## Data segment
****************

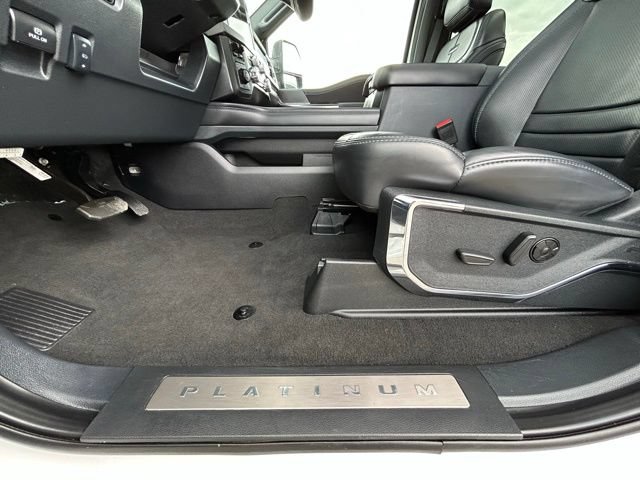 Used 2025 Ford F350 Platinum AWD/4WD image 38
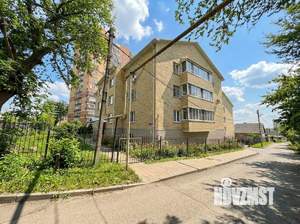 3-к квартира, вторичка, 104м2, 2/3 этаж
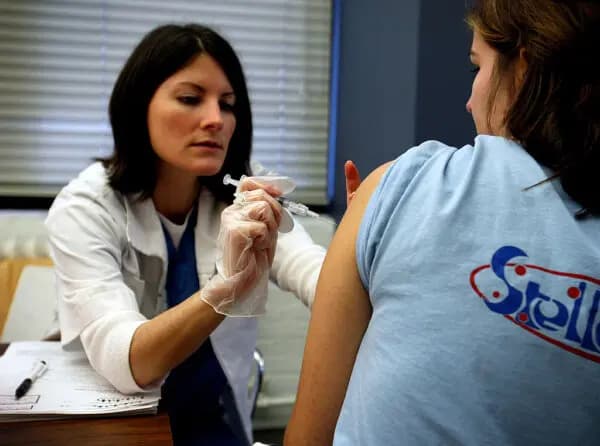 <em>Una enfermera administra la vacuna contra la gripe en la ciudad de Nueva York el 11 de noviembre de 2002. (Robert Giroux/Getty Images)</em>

****************

## What to do
Keep the pictures out while you retype all of the data above exactly as it appears.

## Task solution
 Used 2025 Ford F350 Platinum AWD/4WD image 38
 3-к квартира, вторичка, 104м2, 2/3 этаж
 <em>Una enfermera administra la vacuna contra la gripe en la ciudad de Nueva York el 11 de noviembre de 2002. (Robert Giroux/Getty Images)</em>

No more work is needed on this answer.